(Data supplied)

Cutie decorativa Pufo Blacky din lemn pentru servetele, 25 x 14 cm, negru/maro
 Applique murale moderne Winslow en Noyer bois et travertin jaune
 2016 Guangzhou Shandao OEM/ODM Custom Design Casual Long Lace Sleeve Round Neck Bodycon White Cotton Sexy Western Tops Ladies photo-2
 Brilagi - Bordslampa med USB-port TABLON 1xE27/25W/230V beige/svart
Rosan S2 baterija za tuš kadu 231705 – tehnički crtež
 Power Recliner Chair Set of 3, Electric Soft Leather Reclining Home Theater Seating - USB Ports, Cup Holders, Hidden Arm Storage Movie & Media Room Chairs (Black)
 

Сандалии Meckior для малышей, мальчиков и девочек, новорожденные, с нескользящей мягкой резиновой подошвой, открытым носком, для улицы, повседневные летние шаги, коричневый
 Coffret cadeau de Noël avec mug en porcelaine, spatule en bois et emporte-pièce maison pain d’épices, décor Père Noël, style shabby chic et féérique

(End Data supplied)

Assignment:
In the listing above, find the line containing "Rosan S2 baterija" and the line containing "Сандалии Meckior для", then quote both, plus every line between them, exactly as written.

Answer area:
Rosan S2 baterija za tuš kadu 231705 – tehnički crtež
 Power Recliner Chair Set of 3, Electric Soft Leather Reclining Home Theater Seating - USB Ports, Cup Holders, Hidden Arm Storage Movie & Media Room Chairs (Black)
 

Сандалии Meckior для малышей, мальчиков и девочек, новорожденные, с нескользящей мягкой резиновой подошвой, открытым носком, для улицы, повседневные летние шаги, коричневый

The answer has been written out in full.